[Scraped caption text data]
================

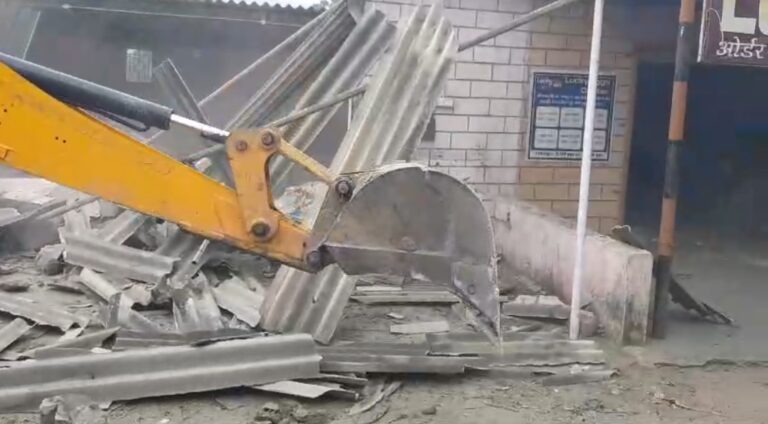 મુન્દ્રામાં દબાણ હટાવની કામગીરી હાથ ધરવામાં આવી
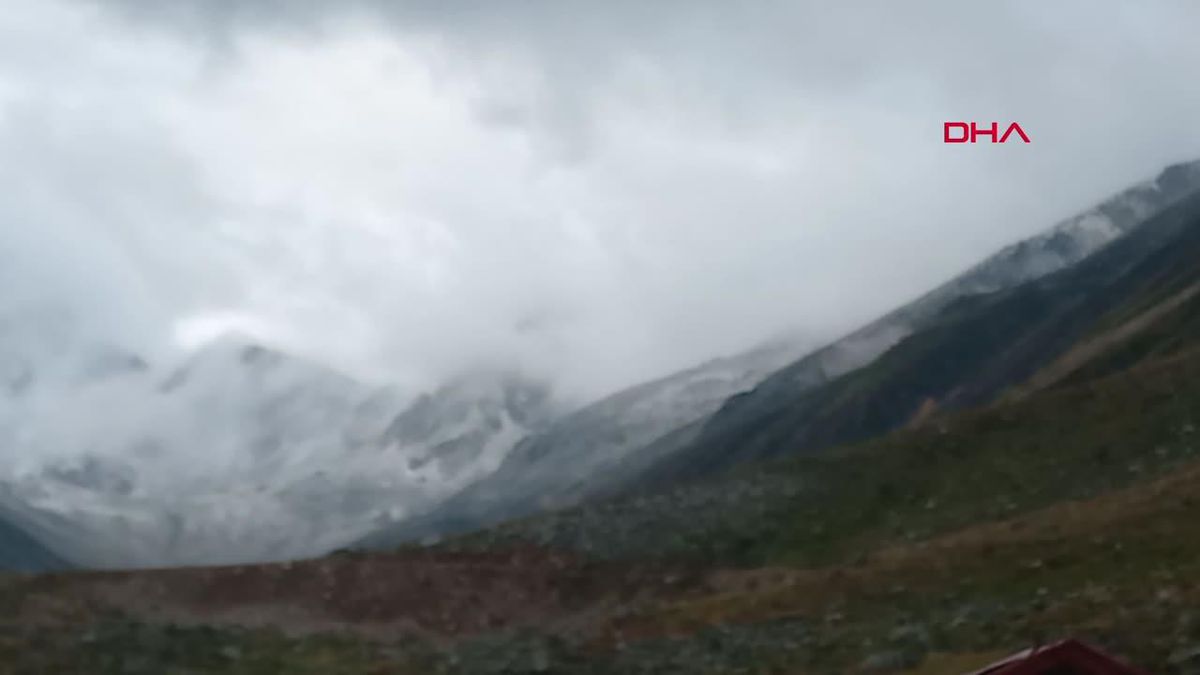 Artvin ve Rize'nin yüksek kesimlerine mevsimin ilk karı düştü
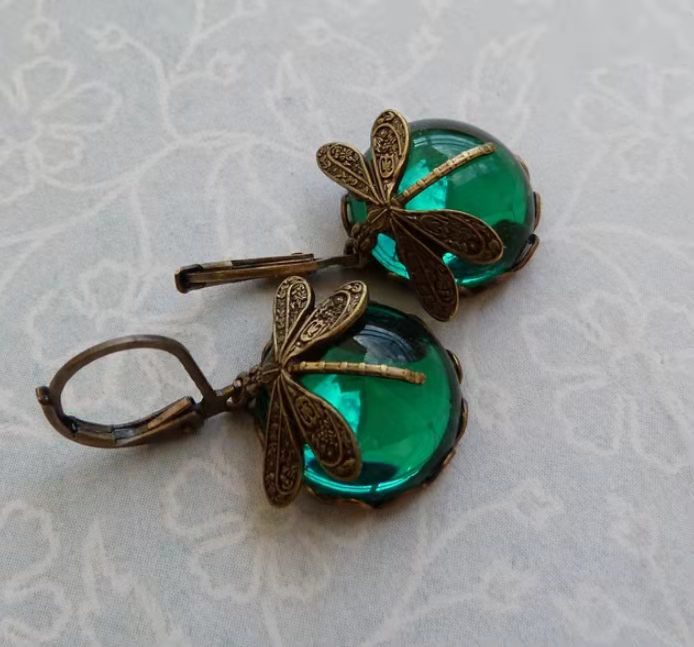 Wholesale Vintage Small Dragonfly Pattern Alloy Moonstone Earrings
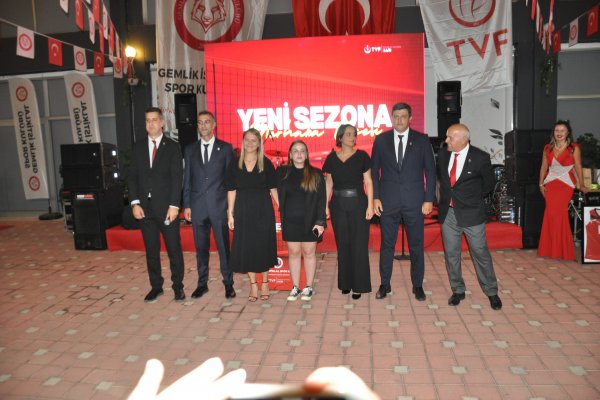 İSTİKLAL SPOR VOLEYBOLCULARI YENİ SEZONA “MERHABA” DEDİ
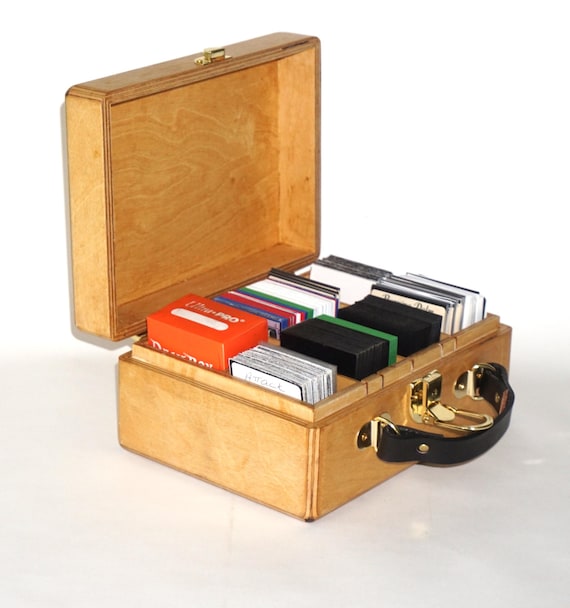 Magic the Gathering Deck Box MTG Kaijudo Carrying Case fully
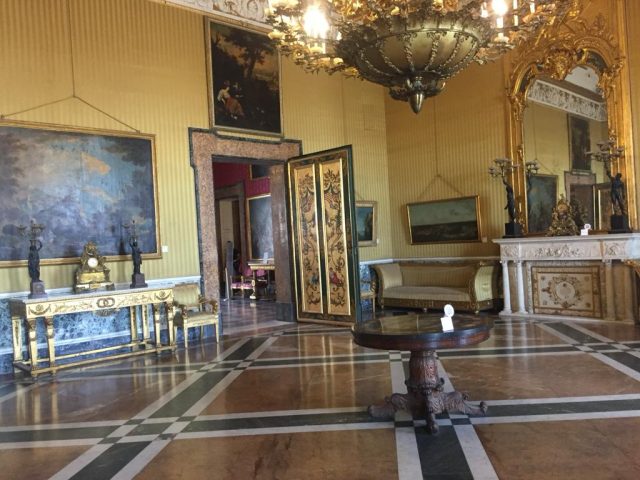Rievocazione Storica del Carnevale Borbonico: Un Viaggio nel Tempo al Palazzo Reale di Napoli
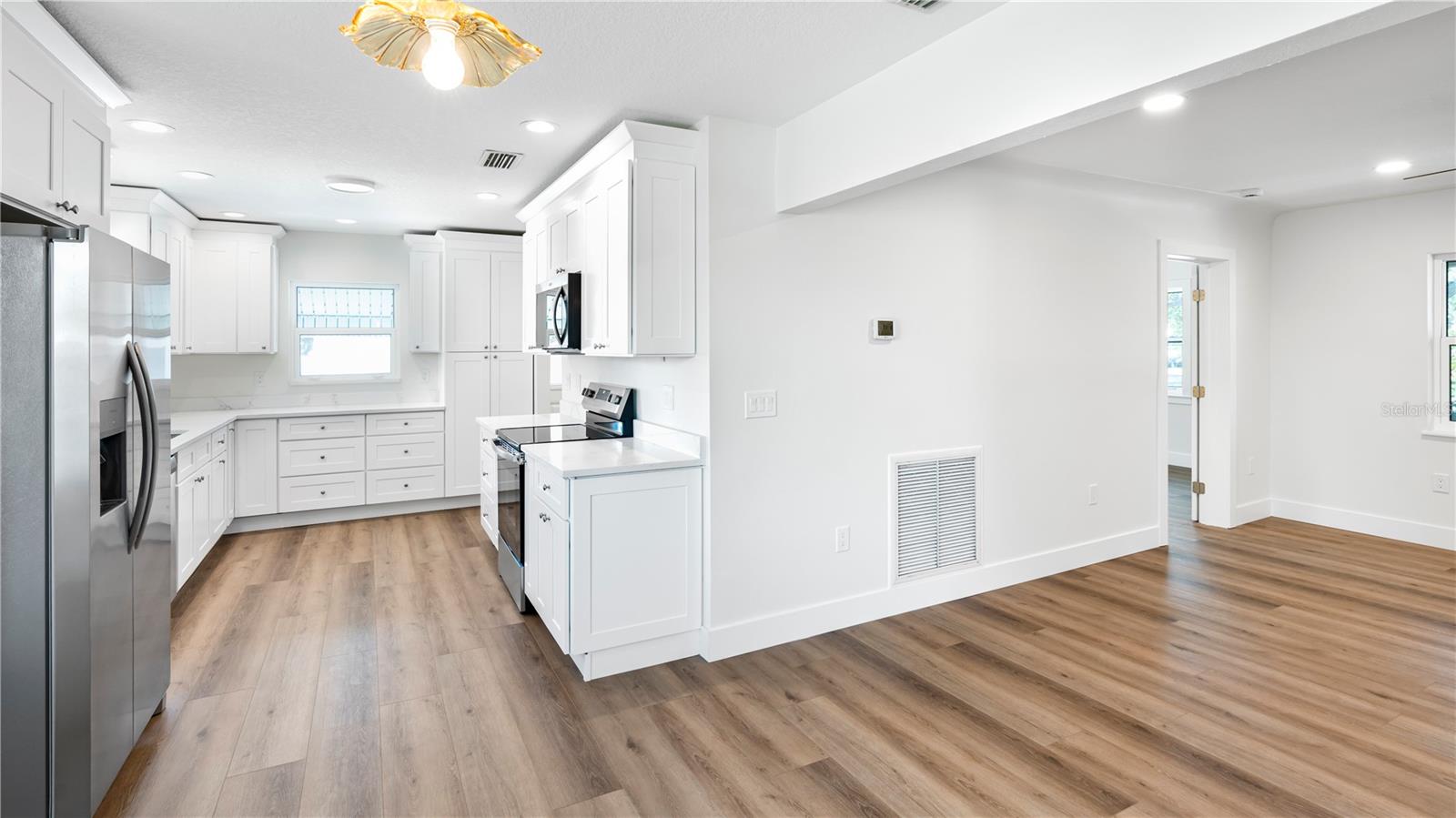 4725 DEL RIO WAY S — photo 16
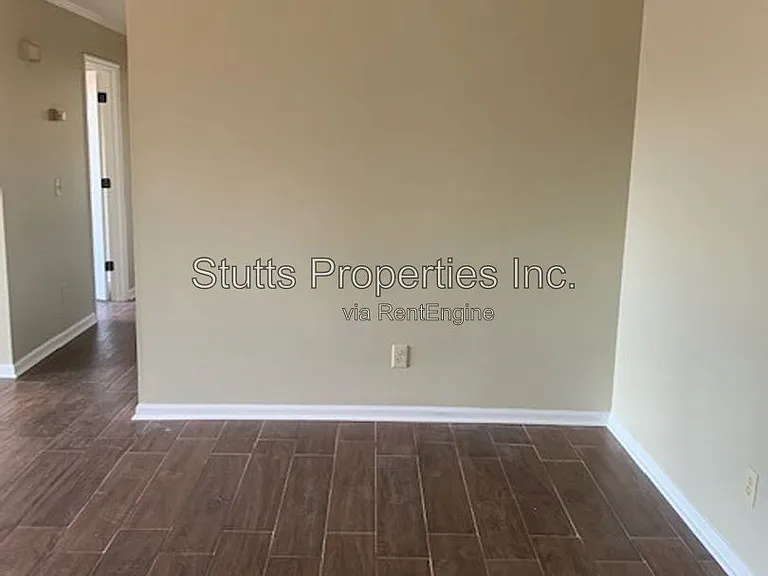 3450 Cloverdale Rd #5 — Photo 5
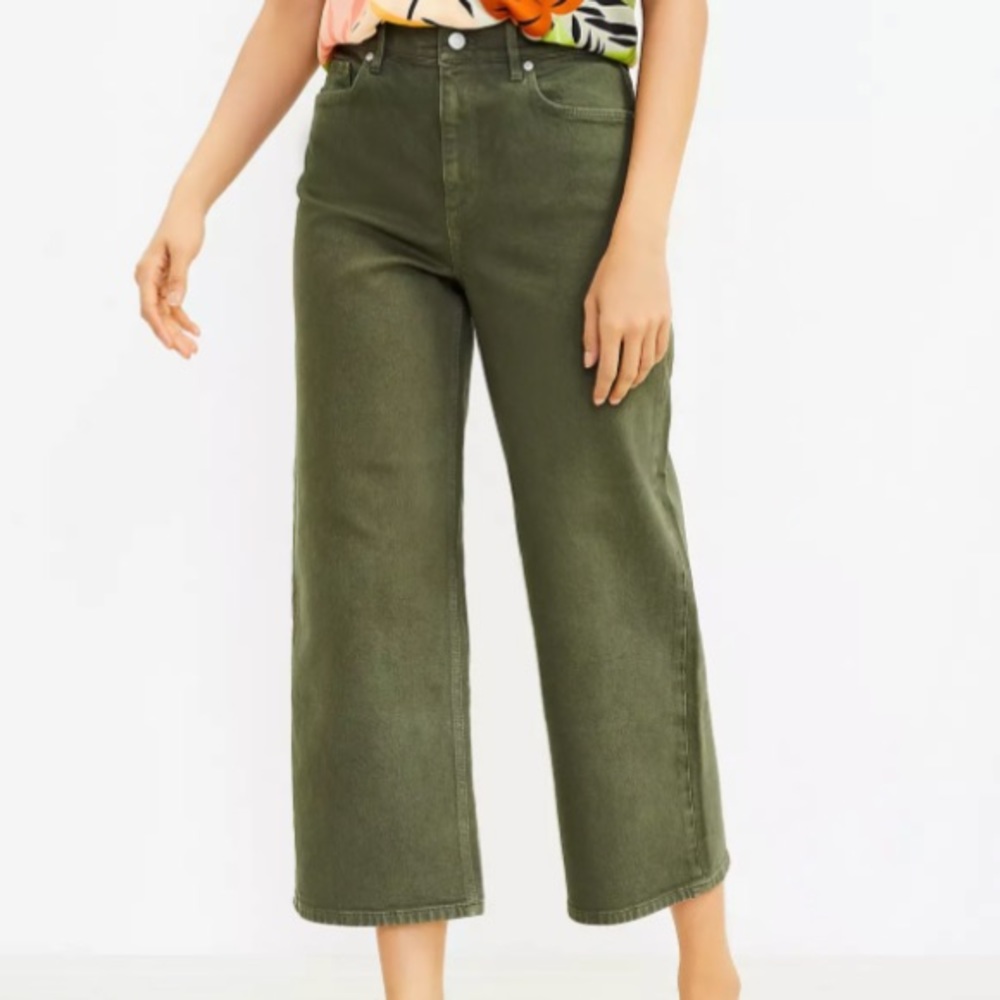 NWOT Loft Petite High Rise Wide Leg Crop Jeans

================

Word for word, retype the lines from the one with "3450 Cloverdale Rd #5 — Photo 5" through the final line of the data, both included. No pictures belong in the copy.

■ **EXERCISE RESPONSE**
 3450 Cloverdale Rd #5 — Photo 5
 NWOT Loft Petite High Rise Wide Leg Crop Jeans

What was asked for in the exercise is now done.